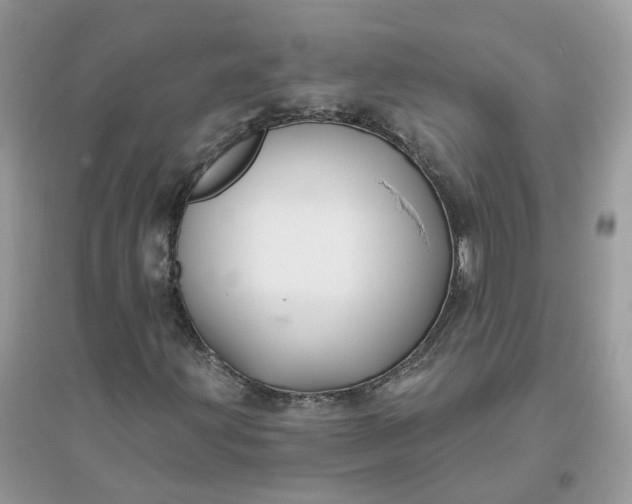 X0000096151203200802011225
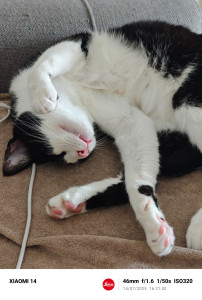 Photo de galerie - La sieste , les instants préférés de Zuble, un jeune chat de 3 ans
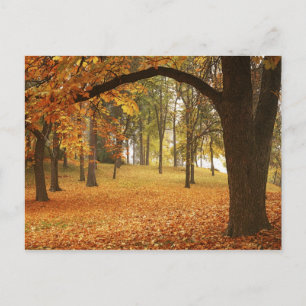 USA, Washington, Spokane, Manito Park, Herbst 2 Postkarte
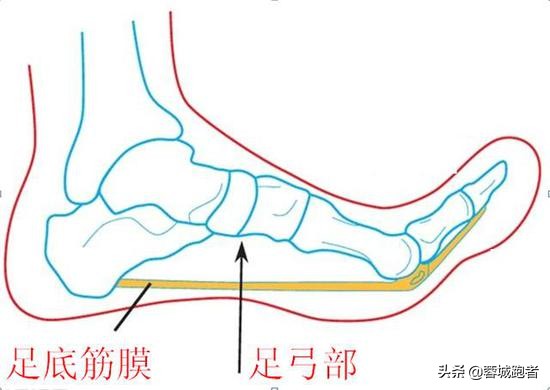 跑步初学者必须了解的5个真相,跑步常识与认知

--------

__Exercise details__:
The expected response is every line of the material, written out exactly, with the images removed.

__Answer for the task__:
 X0000096151203200802011225
 Photo de galerie - La sieste , les instants préférés de Zuble, un jeune chat de 3 ans
 USA, Washington, Spokane, Manito Park, Herbst 2 Postkarte
 跑步初学者必须了解的5个真相,跑步常识与认知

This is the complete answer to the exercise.